Firenze – Non c’è salvezza per i puri di cuore. O meglio: può conquistare la salvezza da solo, mettendo alla più dure delle prove la sua capacità creativa e immaginifica. Il salvataggio con happy end di Florestan, il prigioniero del Fidelio, è un’eccezione che conferma la regola. Così come la conferma pienamente la tragica beffa finale del prigioniero di Dallapiccola che pensa di essere salvo ed è portato al rogo dopo essere stato abbracciato dall’inquisitore, comprendendo nell’estremo attimo di coscienza che l’unica libertà possibile è quella del morire.
Anche ad Alexandros Alekos Panagulis, prigioniero per anni in una segreta dei colonnelli greci soprannominata “la tomba”, fu concesso solo un modesto rinvio: morì in un incidente stradale sulle strade di Atene, che un’inchiesta indipendente appurò essere stato provocato dagli assassini due anni dopo la sua liberazione.
Nella pièce Prigionia di Alekos, in scena dal 10 al 18 febbraio al Teatro Niccolini di Firenze Sergio Casesi , giovane autore milanese che con questo dramma ha vinto il Premio La Pergola per la nuova drammaturgia, ha affrontato i grandi temi dell’eroismo e della solitudine, del coraggio e della libertà senza compromessi.
Da un punto di vista artistico Casesi ha scelto un argomento, Panagulis e la resistenza di un uomo solo contro la dittatura, e un contesto, la Grecia e la grande cultura classica, che gli hanno offerto tutti i materiali possibili per proporre un’opera di grande impatto.
C’è riuscito anche grazie alla messinscena di Giancarlo Cauteruccio, allo scenografo Andrea Benaim, alle musiche di Ivan Fedeli , alla capacità degli attori di rendere credibili non solo Alekos (Fulvio Cauteruccio) e i suoi due aguzzini (Carlo Sciaccaluga e Francesco Argirò), ma anche i personaggi creati dal prigioniero per sfuggire alla disperazione (Domenico Cucinotta e Roberto Visconti).
Per rappresentare il tragico gioco della lotta dell’individuo contro le forze che vogliono privarlo della sua dignità di essere umano, Cauteruccio ha ideato con Benaim uno spazio senza confini fatto di macerie e di lamiere contorte.
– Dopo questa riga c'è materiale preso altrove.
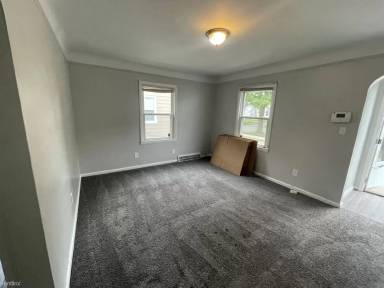 Main picture of 19104 Washtenaw St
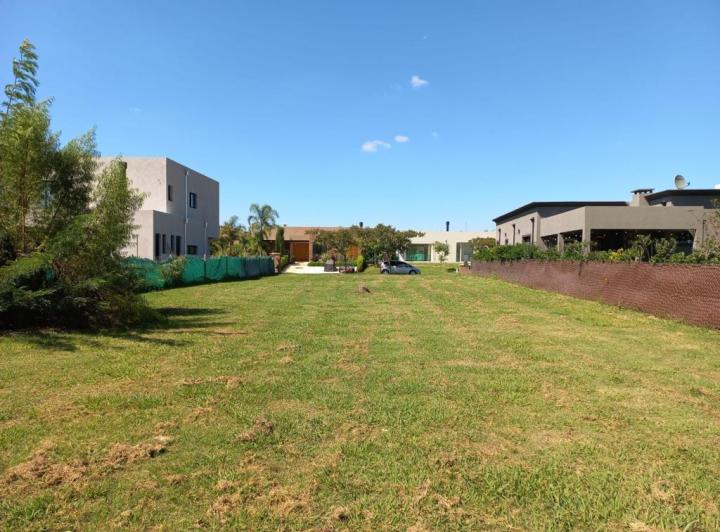 Terreno · 648m²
Su di esse una grande struttura in ferro, come la grata di una gabbia che alla fine si alza a rappresentare un destino che continuamente si ripete: la lotta per la libertà non finisce mai, è una costante dell’infelice esistenza umana.
Accompagnati dalla fisarmonica di Francesco Gesualdi, sulle macerie dei valori umani si rappresenta dunque la tragedia di Alekos che resiste alla tortura fisica e morale chiamando a raccolta tutte le sue forze interiori e soprattutto la sua creatività, vale a dire la capacità di sublimare le sofferenze attraverso la bellezza della natura e la poesia, tutto ciò che i carcerieri non solo non possono toccare ma neanche capire.
Nei momenti in cui viene lasciato solo, il prigioniero svolge un dialogo interiore che si proietta in tre figure fantastiche: Dalì, lo scarafaggio, il suo doppio cinico e disincantato; Tiresia l’indovino, la sua cultura di uomo greco antico; Caronte, la fragilità dell’essere umano di fronte al dolore e alla disillusione, la tentazione di mollare: “Quando diserterai davvero? Dalla vita dal dolore. Non sei in lotta per la libertà Alekos? Non è lasciarsi morire la più grande libertà? Scegli ora, scegli di lasciarti andare”.
C’è un settimo personaggio, una voce di donna fuori campo che lo aiuta a resistere a immaginarsi un futuro di amore e consolazione. E’ la voce di Oriana Fallaci che sarà per pochi anni la sua compagna e che scriverà la sua storia nel suo capolavoro.
Con le sue soluzioni registiche, Cauteruccio è riuscito a rendere più intensa e nello stesso tempo più ricevibile dallo spettatore la densità letteraria del testo di Casesi, Non prima di avergli fatto vivere, in un Niccolini trasformato in experience di immagini e di miliziani urlanti ordini in greco con la testa di avvoltoio, la fine violenta della libertà.